» **Given records**:
━━━━━━━━

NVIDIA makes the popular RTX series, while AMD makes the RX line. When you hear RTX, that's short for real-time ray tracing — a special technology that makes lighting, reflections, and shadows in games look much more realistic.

━━━━━━━━

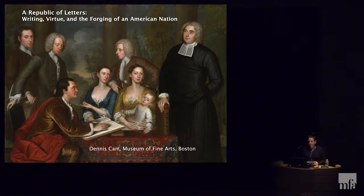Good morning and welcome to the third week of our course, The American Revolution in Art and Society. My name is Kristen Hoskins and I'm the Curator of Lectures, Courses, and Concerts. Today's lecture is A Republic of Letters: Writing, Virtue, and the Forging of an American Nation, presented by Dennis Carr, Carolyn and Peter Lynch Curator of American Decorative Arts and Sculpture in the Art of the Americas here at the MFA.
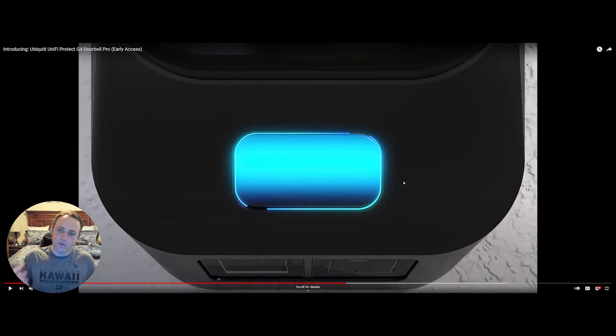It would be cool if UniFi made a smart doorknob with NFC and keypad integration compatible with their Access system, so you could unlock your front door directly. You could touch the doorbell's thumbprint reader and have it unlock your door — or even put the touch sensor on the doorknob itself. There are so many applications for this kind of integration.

━━━━━━━━

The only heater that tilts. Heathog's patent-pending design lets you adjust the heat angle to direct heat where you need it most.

━━━━━━━━

» **About this exercise**:
Nothing but the lines above from the line with "Good morning and" up to and including the line with "It would be" should be returned, exactly as written and without pictures.

» **Answer**:
Good morning and welcome to the third week of our course, The American Revolution in Art and Society. My name is Kristen Hoskins and I'm the Curator of Lectures, Courses, and Concerts. Today's lecture is A Republic of Letters: Writing, Virtue, and the Forging of an American Nation, presented by Dennis Carr, Carolyn and Peter Lynch Curator of American Decorative Arts and Sculpture in the Art of the Americas here at the MFA.
It would be cool if UniFi made a smart doorknob with NFC and keypad integration compatible with their Access system, so you could unlock your front door directly. You could touch the doorbell's thumbprint reader and have it unlock your door — or even put the touch sensor on the doorknob itself. There are so many applications for this kind of integration.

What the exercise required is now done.